The development is likely to create legal hurdles and delay the proposed open offer as IHH had recently told FE that it could only go ahead if Sebi agreed with its legal interpretation that the SC’s September 22 order has lifted all such restraints.
IHH managing director and CEO Kelvin Loh told FE on November 9 that the company would like to go ahead with the open offer “as soon as possible” as there has already been a delay of four years. Ravi Rajagopal, chairman of Fortis Healthcare, had added that their legal counsel has advised that the company can go ahead with the open offer as the SC order has disposed of various appeals, including the suo motu contempt. “We have represented to the Sebi and the matter is with them,” Rajagopal had said.
However, legal observers told FE that the matter is not that straightforward and simple as the Delhi HC has to take the final call on the matter of open offer as well as whether a forensic audit has to be done in the share sale which was executed in 2018.
Also Read: IHH to float open offer for Fortis if Sebi concurs with our legal view: MD & CEO
Loh and Rajagopal had said the possibility that the matter may take a different turn when it comes up in Delhi HC cannot be ruled out.

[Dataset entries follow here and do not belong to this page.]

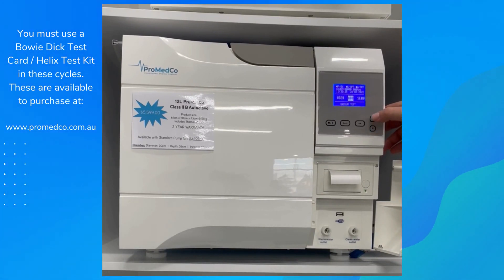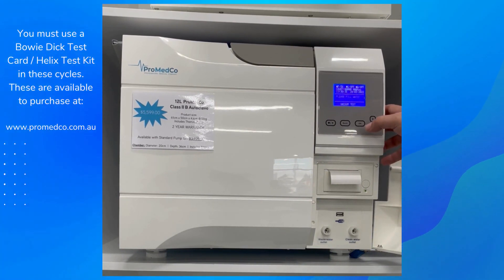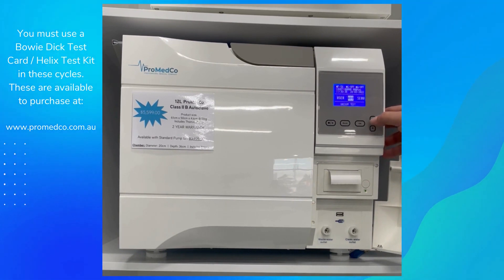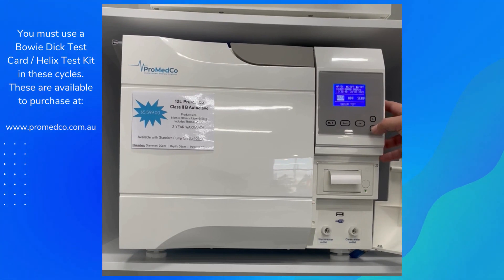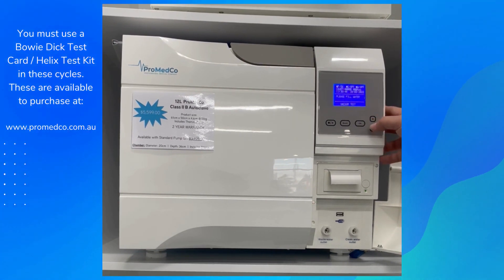After we run a vacuum, we want to run a Helix test or Bowie Dick test. Essentially this is running a PCR test to make sure the machine is actually doing what it's supposed to do. It's a requirement from European standards and Australian standards.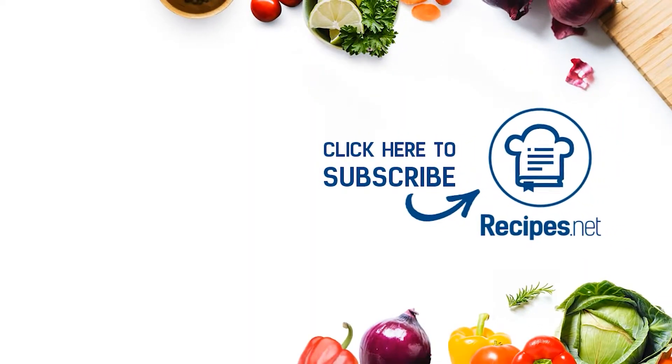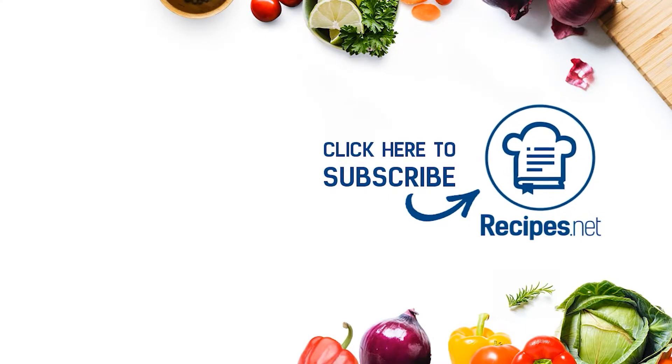Don't forget to hit like, subscribe, and turn on that notification bell to catch more easy and tasty dishes to try at home.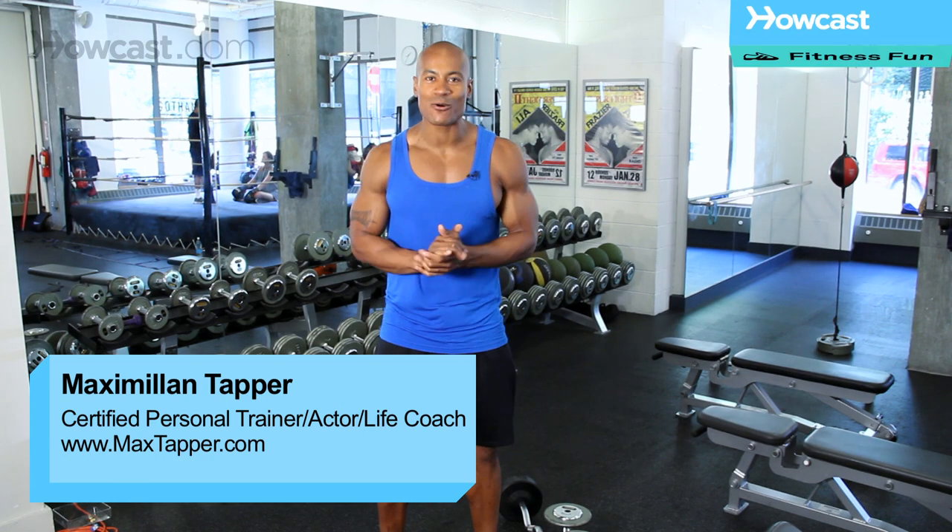Hi guys, how you doing? This is Max Tapper again for How Cash. And today, what I'm going to show you guys how to do is a basic bicep workout.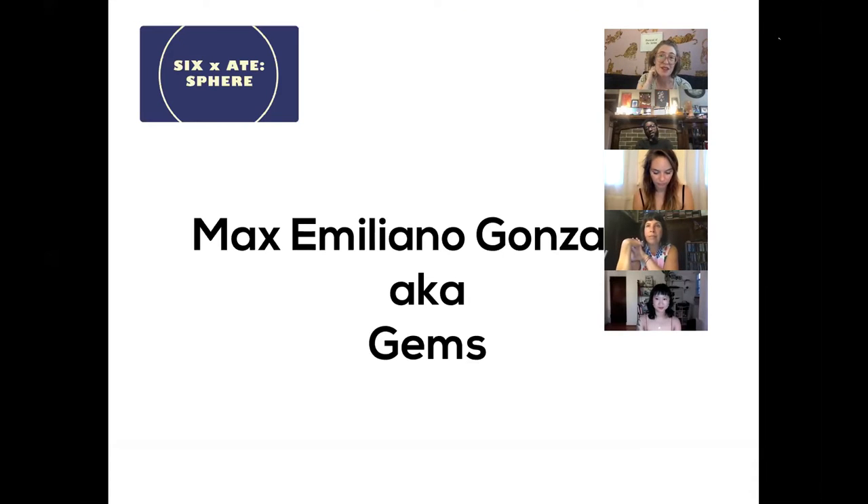We're talking to Max Emiliano Gonzalez, also known as GEMS. Max is an activist, art educator, muralist, graffiti writer, printmaker, curator, and more. Max came to Pittsburgh from Chicago, and they seek to give value to underrepresented voices, movements, and art forms through their work.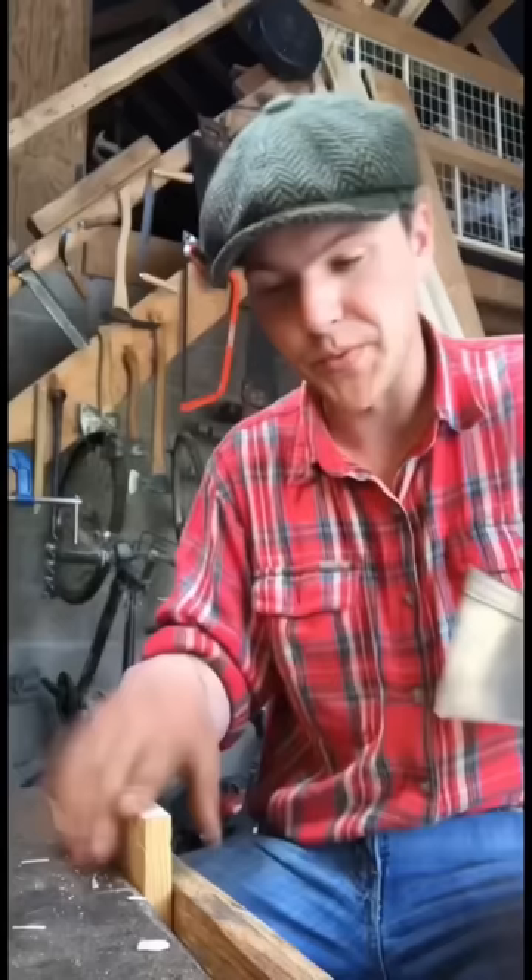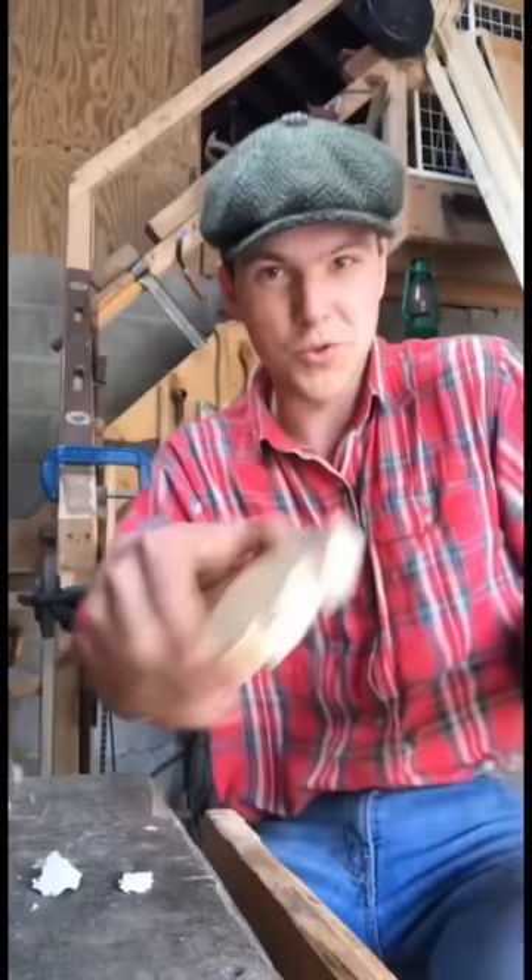Now we have it like this — we just use our chisel here just to finish it up, make all the edges perfect. The other piece is marked out here, so it's another excuse to use the dovetail saw.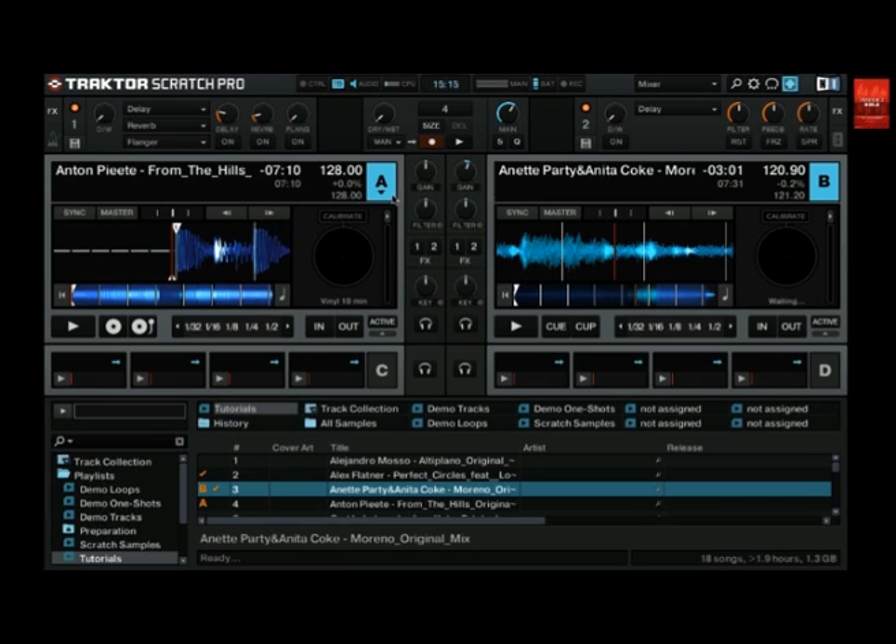Let's have a look at the transport section of deck A. If you set a deck to scratch control, the buttons here will change. If you see the buttons with the turntable icons as here for deck A, then the deck is in timecode mode. On deck B we can still see the Cue and the Cue play button, which means deck B is still in internal playback mode and any timecode signal will be ignored.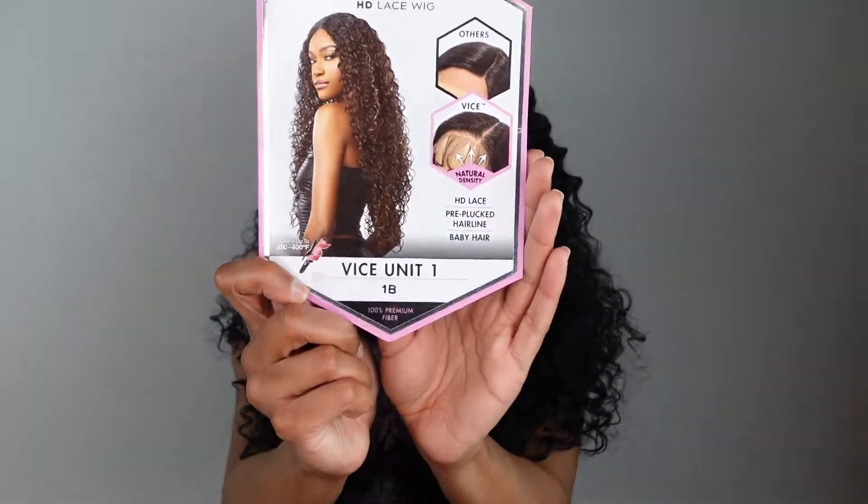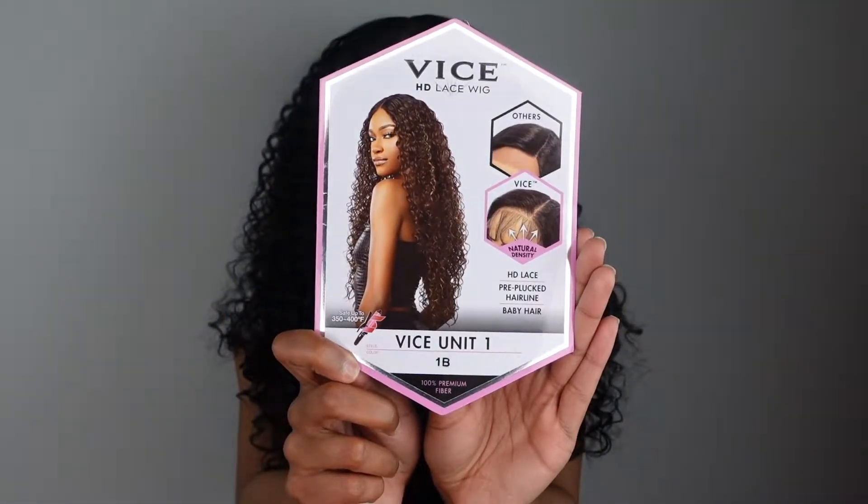I'm going to be talking about that really soon. But thank you guys for tuning into this week's review today because this is popping. Shout out to Ebony Lime for sending me this unit to review. This is Vice Unit 1 in the color 1B, and this unit is by Sensational.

IHH had in July 2018 acquired a 31% stake in Fortis Healthcare for Rs 4,000 crore through the bidding route. It had also earmarked Rs 3,000 crore to make an open offer for an additional 26% to the public shareholders as required under the law.
Daiichi has written to Sebi that the SC in its September 22 order had asked the HC to consider ordering a forensic audit into the dilution of FHL shareholding, repeated violation of undertakings and assurance by former FHL promoters — Malvinder and Shivinder Singh — and the transaction between FHL, IHH and the clandestine transfer of Rs 4,666 crore to RHT Singapore.
Daiichi is “severely prejudiced” with IHH’s clandestine attempt to subvert the status quo order directed by the SC on December 14, 2018, and September 22 with respect to the conduct of forensic audit and the pending proceedings before the HC by purportedly consulting regulatory authorities, including Sebi, on the proposed FHL-IHH transaction. It has reiterated that the FHL-IHH transaction was currently sub-judice before the HC where FHL is also a party, its solicitors, P&A Law Offices, have said in the letter.
“We further state that any such attempt by FHL and/or IHH to proceed with the FHH-IHH transaction would be in direct contravention of the HC and SC orders,” the letter sent by the law firm has stated. Daiichi Sankyo is pursuing the enforcement of Rs 3,500-crore arbitration award against the Singh brothers pronounced by a Singapore tribunal for concealing information when they sold Ranbaxy Laboratories to it for $4.6 billion in 2008. The apex court had in 2018 put on hold the sale of Fortis Healthcare to IHH on a contempt plea filed by the Japanese drugmaker against the Singh brothers.